Daniela De Marchi non è una donna, è un vulcano che ribolle. Di idee, di entusiasmo e di parole. Basta incontrarla nel suo atelier di gioielli, dove si aggira come una regina, per capire che seguire il suo istinto è stata la sua fortuna. Che cos’ha di diverso da tutti gli altri? Semplice, spiega: «Io mi considero la sarta del gioiello, un’artigiana a tutti gli effetti. L’artista esprime se stesso, io invece amo far emergere il meglio delle mie clienti».
Il bello di crederci
Una filosofia che si è rivelata vincente, visto che nel 2001, quando tutto è iniziato, Daniela dormiva nel suo piccolo laboratorio (sempre in via dei Piatti, nello storico quartiere orafo della città) per poter pagare l’affitto: «Ho iniziato a lavorare con l’argento, il bronzo e l’ottone perché hanno un peso specifico inferiore all’oro, ho scelto di usarli perché mi consentivano un volume particolare. Ma non avevo una lira: ci ho semplicemente creduto», spiega. Al punto che oggi DDM ha 10 dipendenti e, dal 2014, anche un piccolo atelier in via Pontaccio 2: «Il mio segreto? Credo sia solo la passione. Siamo qua in questo bello spazio perché 13 anni fa sono stata contattata da un buyer giapponese che mi ha invitata ad andare a Parigi a presentare la mia collezione. Non avevo i soldi neanche per piangere, ma l’amica che mi faceva da assistente ha insistito e siamo andate in rue Saint Honoré dove ci hanno accolte tre belle signore giapponesi che hanno comprato ben 30 pezzi. Io ero al settimo cielo, le ho abbracciate (anche se non era il caso) e loro mi hanno risposto: “These are the samples”, questi sono i campioni. Dopo un mese e mezzo mi è arrivato un ordine da 5mila pezzi che poi sono diventati 10mila. Questo è stato il mio polmone. Grazie a loro sono potuta crescere e ho avuto fiducia in me stessa e nel mio progetto».
Il gioiello sartoriale
Un progetto che, spiega Daniela in modo molto chiaro, ha tre caratteristiche: «È fatto a mano, è caratterizzato dal dropage, le bollicine in superficie, e sperimenta un mix tra smalti e pietre sempre diverso». E aggiunge: « Il nostro leitmotiv recita: gioielli per essere, per giocare, per sognare. Qui facciamo un prodotto altamente su misura. Come in una sartoria dove trovi il cartamodello e poi ti fanno scegliere il tessuto, il colore e ti prendono le misure, così si fa da noi: tu entri e io ti propongo un modello che, secondo me, va bene per te. Poi ti suggerisco il colore giusto, adattabile alla tua anima. Per me questo sei tu e se lo indossi è un pezzo di te. Ma puoi anche giocare a sentirti diversa. Noi ti aiutiamo a capire come».
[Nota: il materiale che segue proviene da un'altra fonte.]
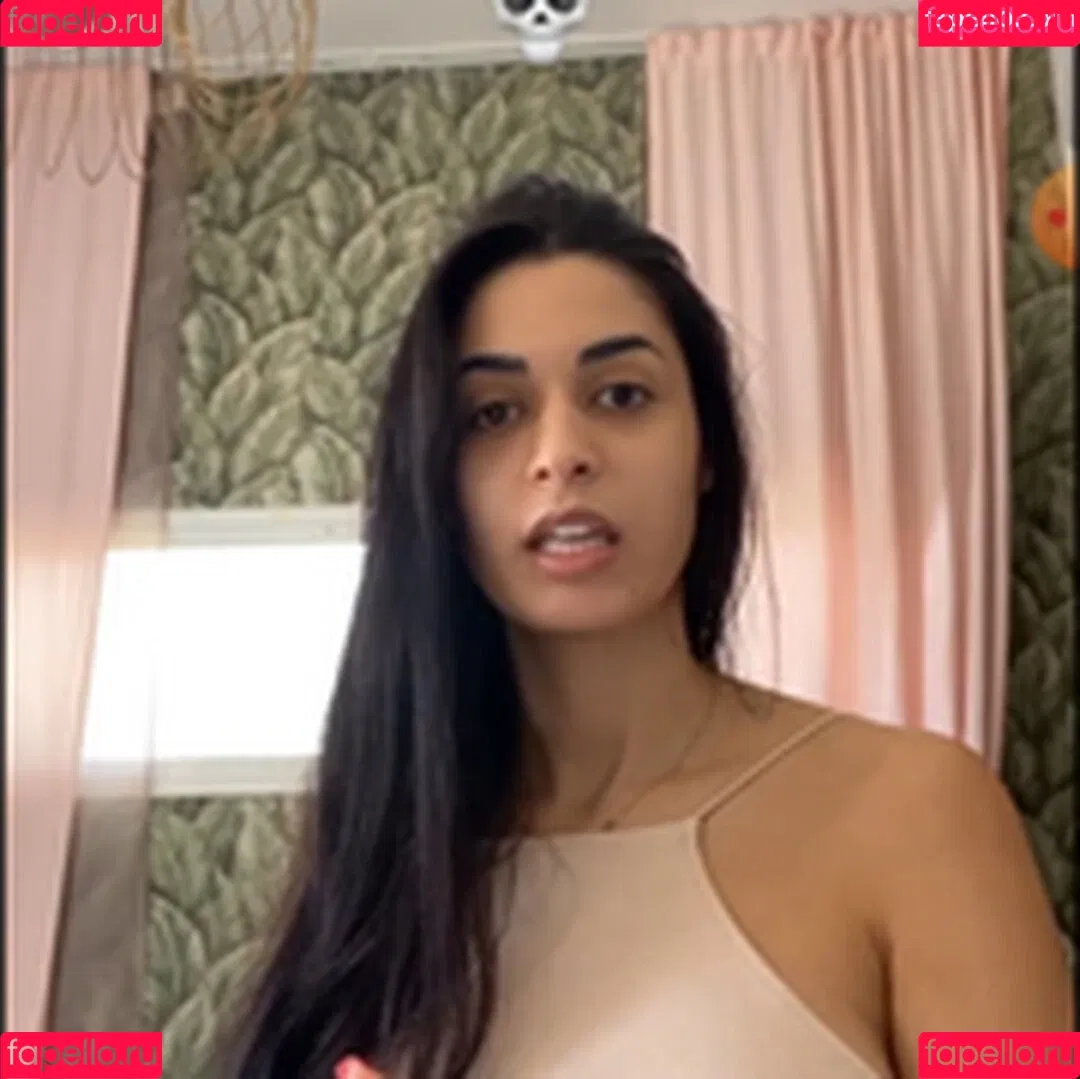 Shirin Azami Onlyfans Photo Gallery 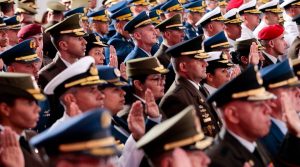 Generales y Almirantes ascendidos juran frente a Bolívar como herederos del Ejército Libertador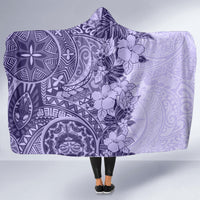 polynesia-hooded-blanket-hibiscus-and-hawaiian-tribal-tattoo-retro-style-violet-color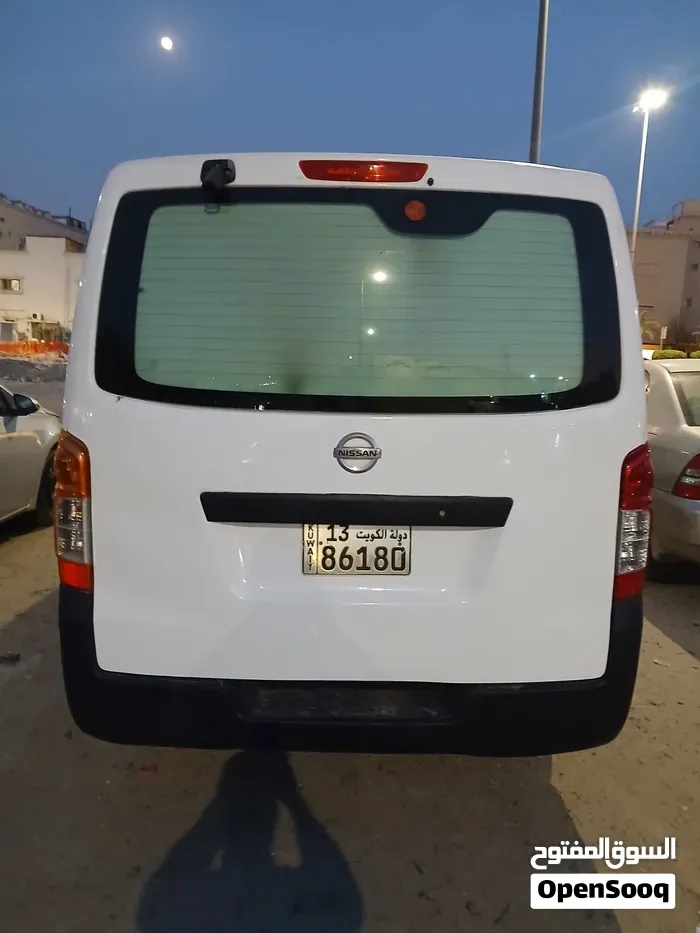 Nissan Urvan 2015 photo 2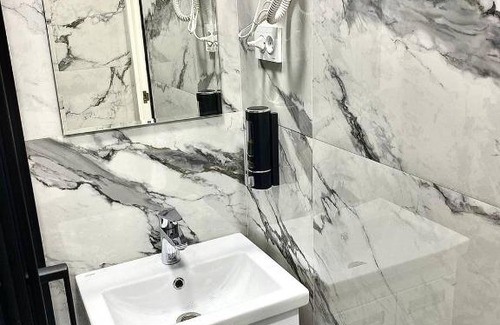 Tuzdybastau Apartment | Convenient Airport Apartments with Great Guest Ratings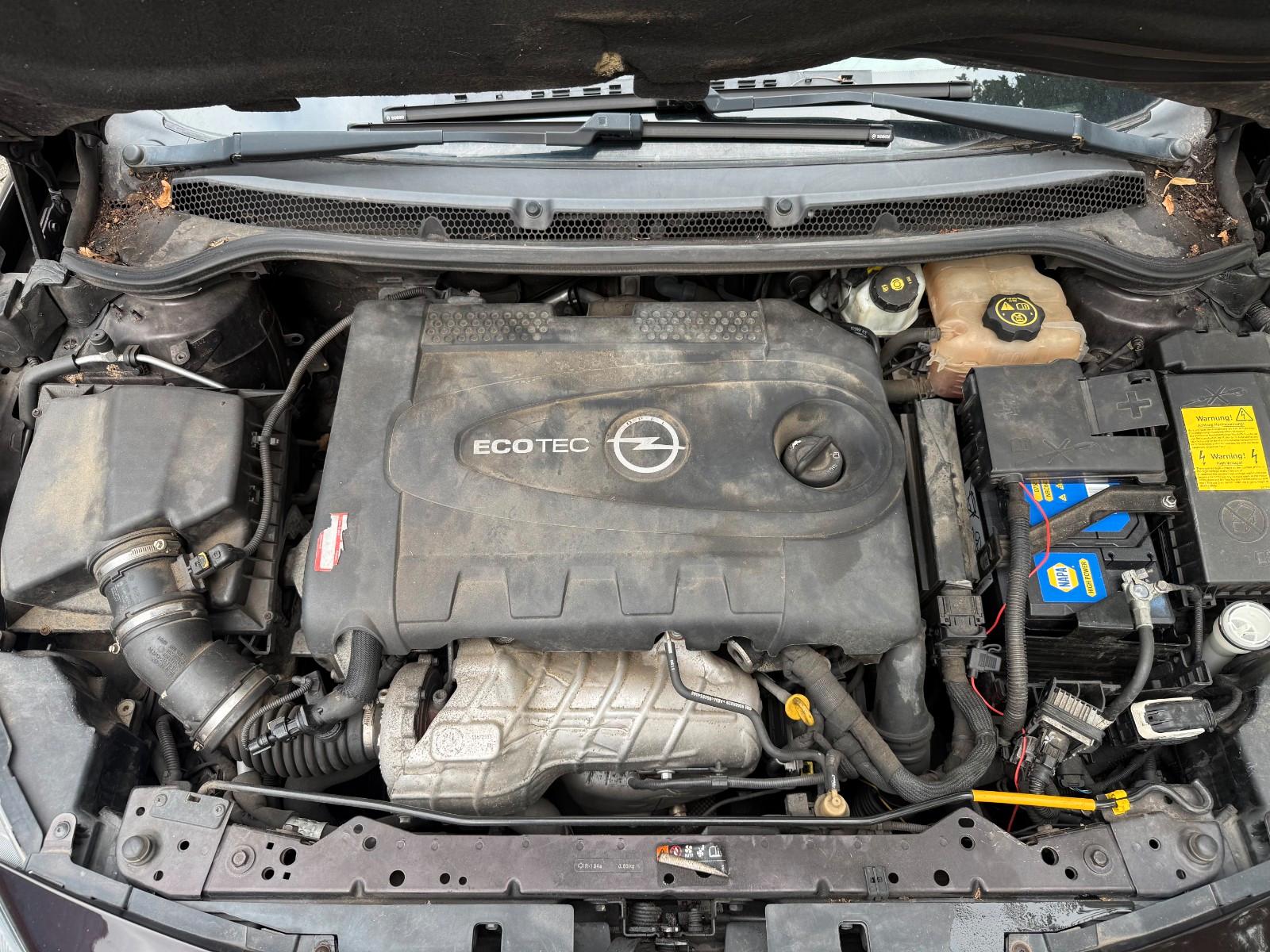 Opel Astra 2012 — photo 17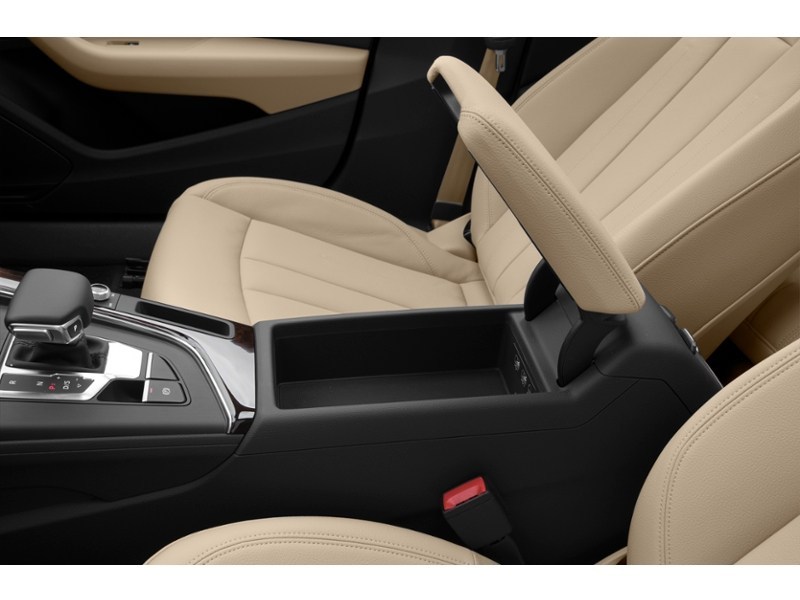 2018 Audi A4 2.0 TFSI quattro Technik S tronic Interior Shot 7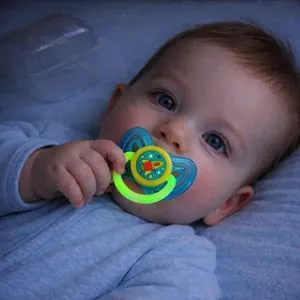 Suzetă din silicon cu efect luminos în întuneric, model rachetă, albastră, cu cutie pentru sterilizare, 6-36 luni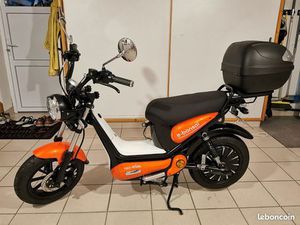 SCOOTER ELECTRIQUE 50 CC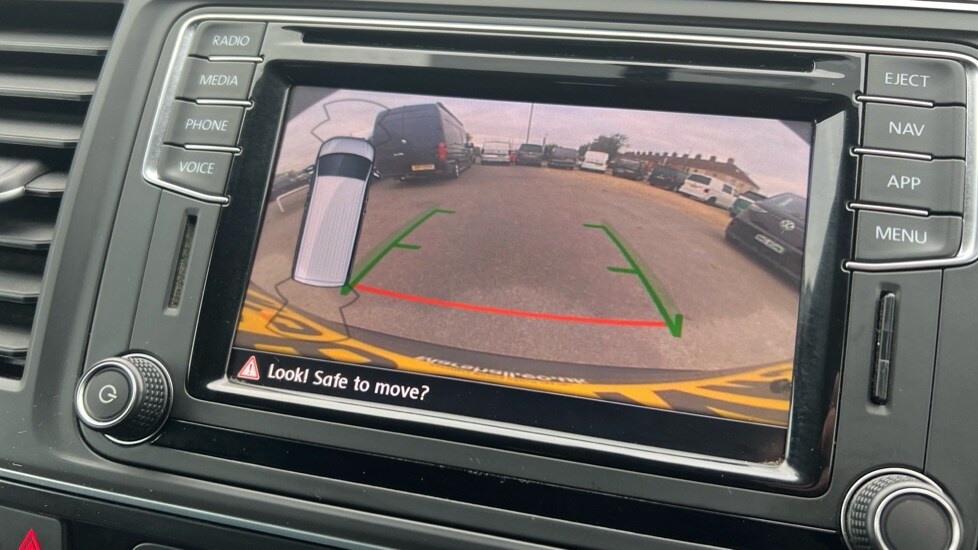 Used Volkswagen Transporter 2018 for sale - 76984005: Photo 22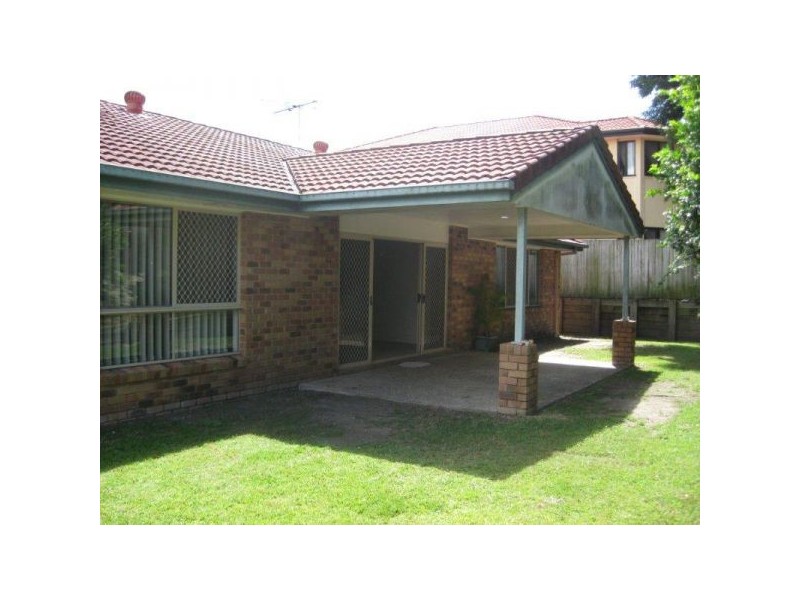 15 Pembridge Place, Carindale QLD 4152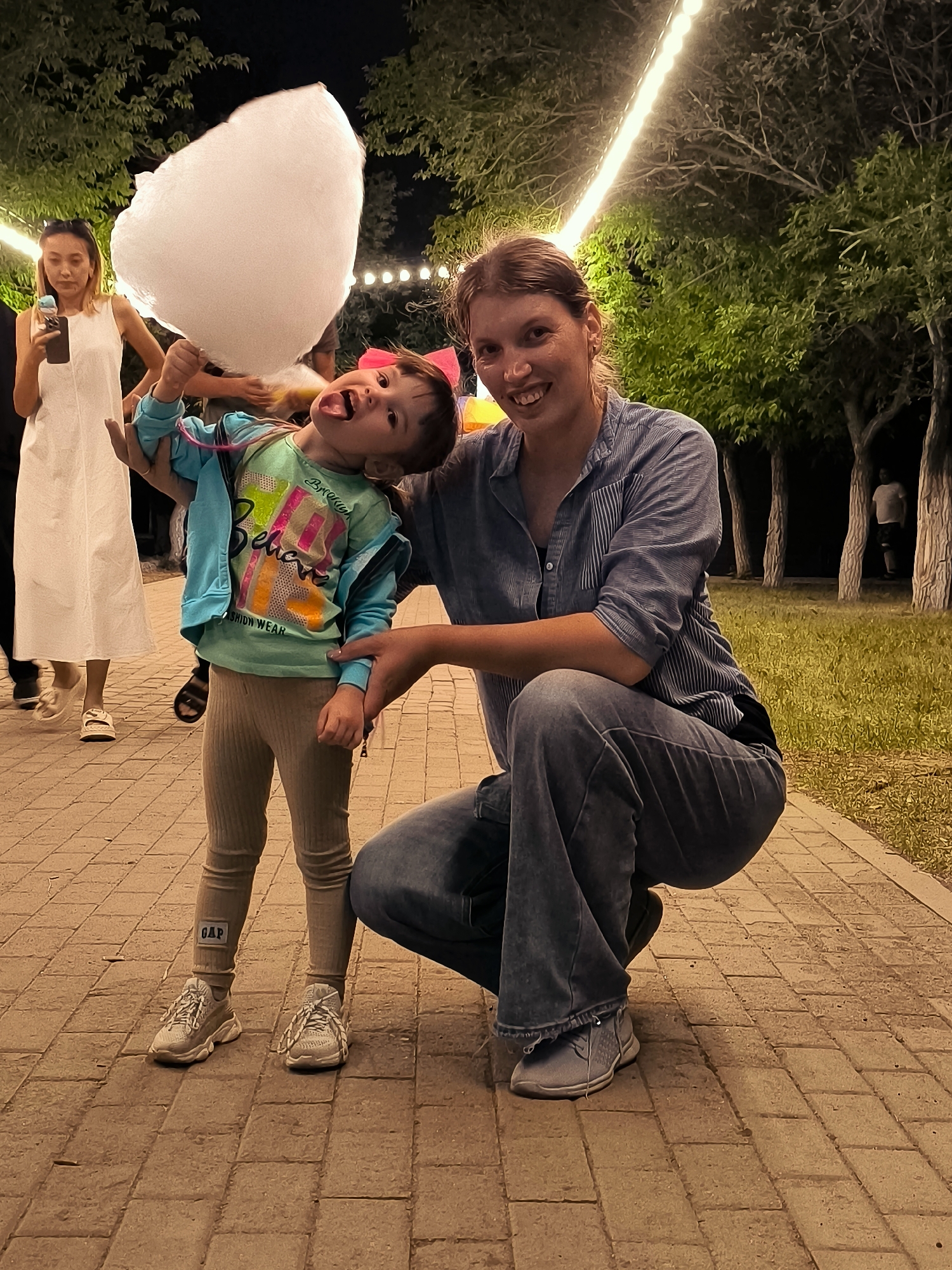 Evening out at a colorful public park in Qarağandı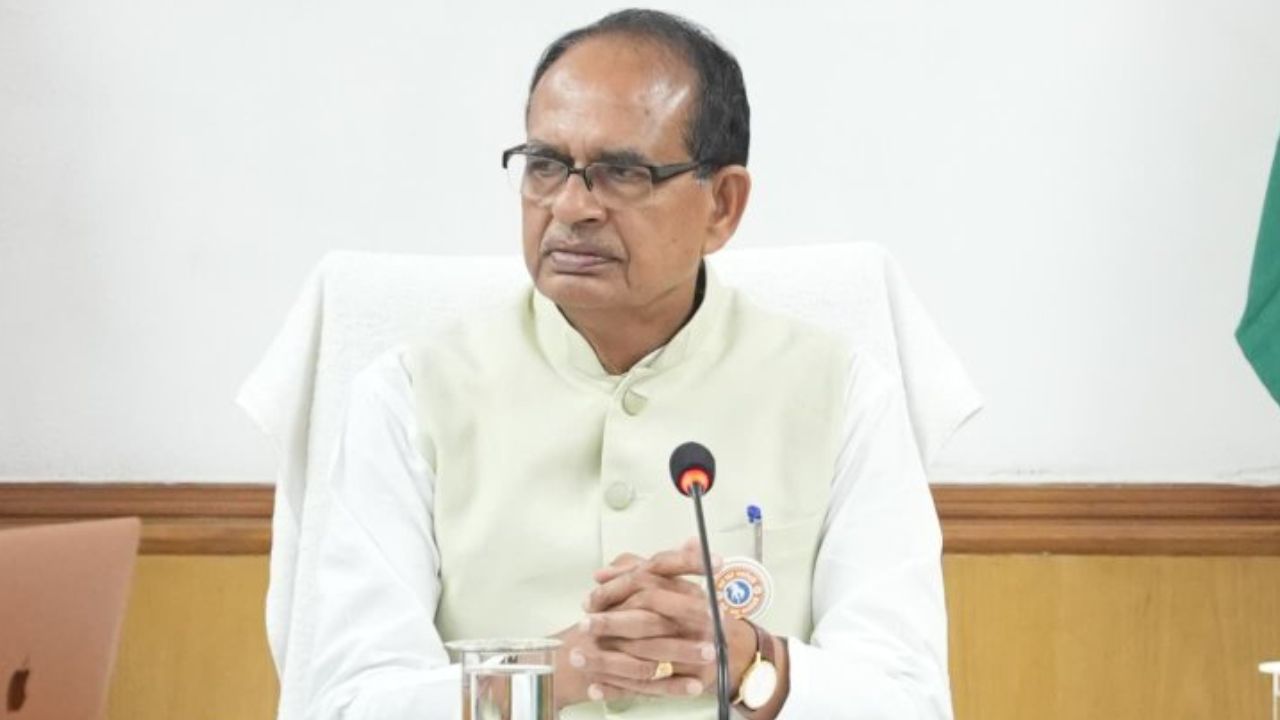 एक रुपया क्लेम मिलना किसानों के साथ मजाक, फसल बीमा गड़बड़ियों पर भड़के कृषि मंत्री, जांच के आदेश
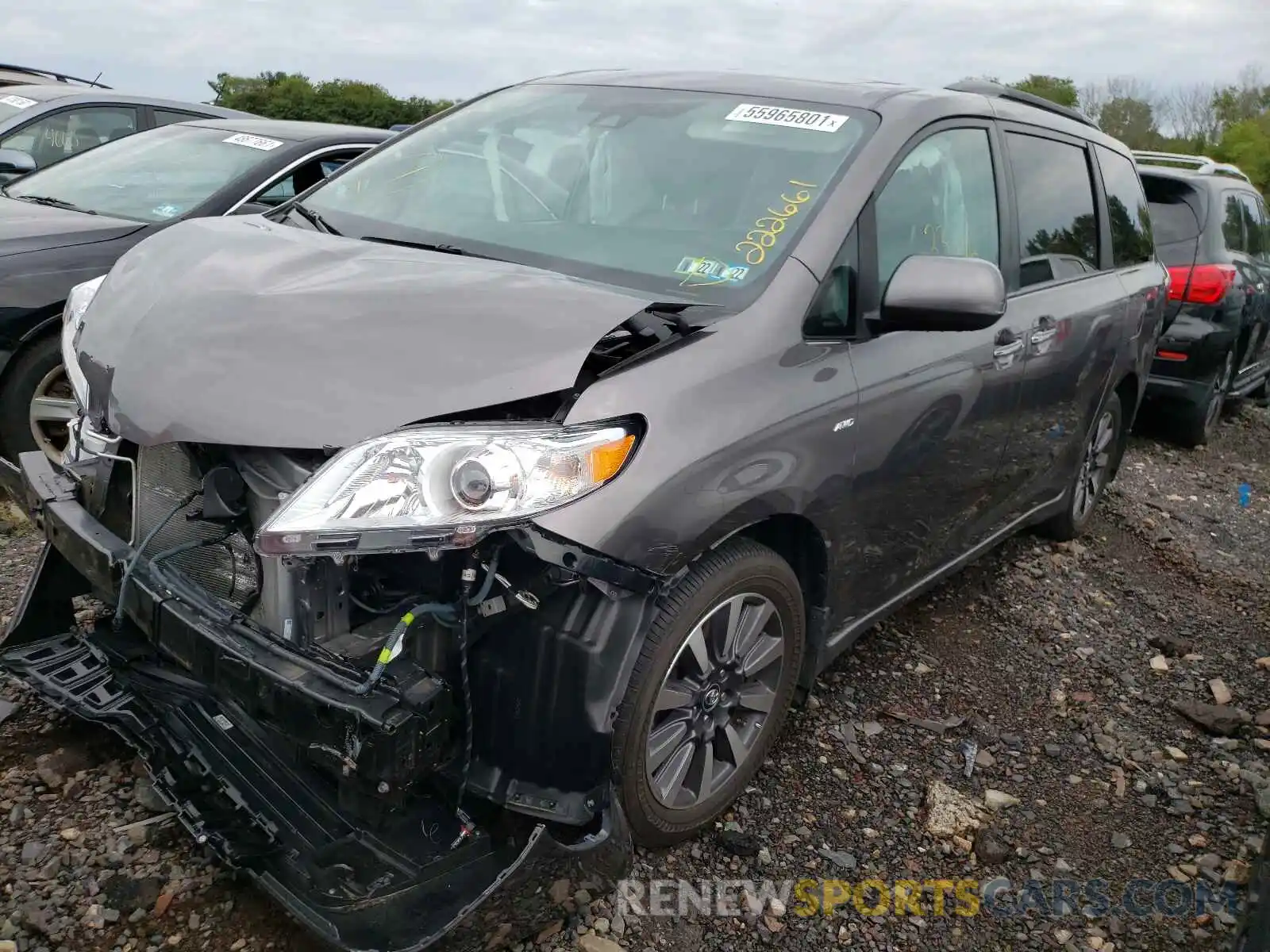 2 Photograph of a damaged car 5TDDZ3DC5KS222661 TOYOTA SIENNA 2019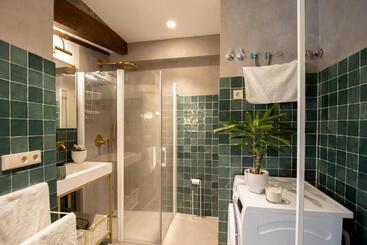 Singularstays Santa Cruz 9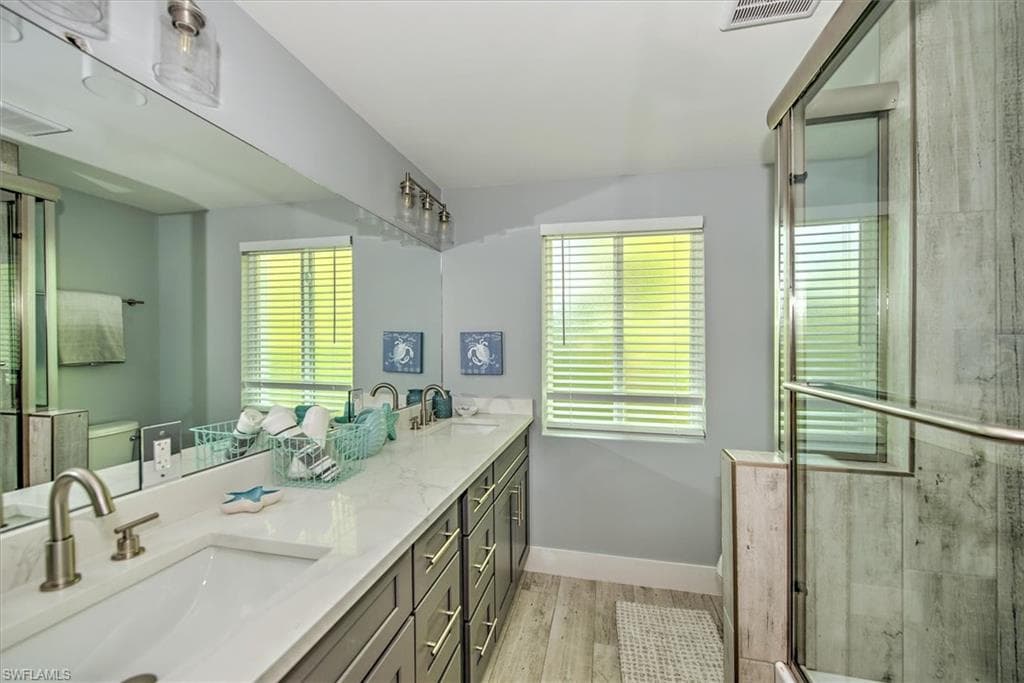 16 Palmview BLVD-13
Un approccio diverso che è stato compreso più dalle clienti che dai gioiellieri: «Ho iniziato ad avere un buon riscontro dalle persone che quando indossavano i miei gioielli si sentivano bene e ricevevano complimenti. Il mio sogno è aiutare le donne a esprimere meglio il proprio carattere. Per questo mi sento profondamente artigiana: ogni oggetto viene studiato, assemblato e realizzato qua dentro».
Un concept nato dalla domanda
E se tutto questo può sembrare una strategia di vendita, Daniela precisa subito: « Sono anni che sto mettendo a punto il mio gioiello per vestire le mie clienti. È un concept che si è generato dal prodotto, non il contrario».
Se poi si parla delle difficoltà di essere artigiano, Daniela ha un punto di vista tutto suo: «Credo che l’artigiano oggi sia più apprezzato che in passato, ma resta sempre un mondo magico e per me è fondamentale continuare a produrre su necessità. Non devo vendere per forza»
E sull’ipotesi di avere collaborazioni con altri artigiani, Daniela, anticipa una nuova intuizione: «Ho un progetto attorno al fatto su misura, che mi piacerebbe realizzare con altri colleghi artigiani». Ma non ha nulla da chiedere alle istituzioni: «Preferisco cavarmela da sola». E continuare a captare i segnali: «Io seguo quello che i miei gioielli mi dicono, seguo quello che le mie clienti mi fanno capire e cerco di interpretarlo nel modo migliore. DDM, insomma, non è solo merito mio…».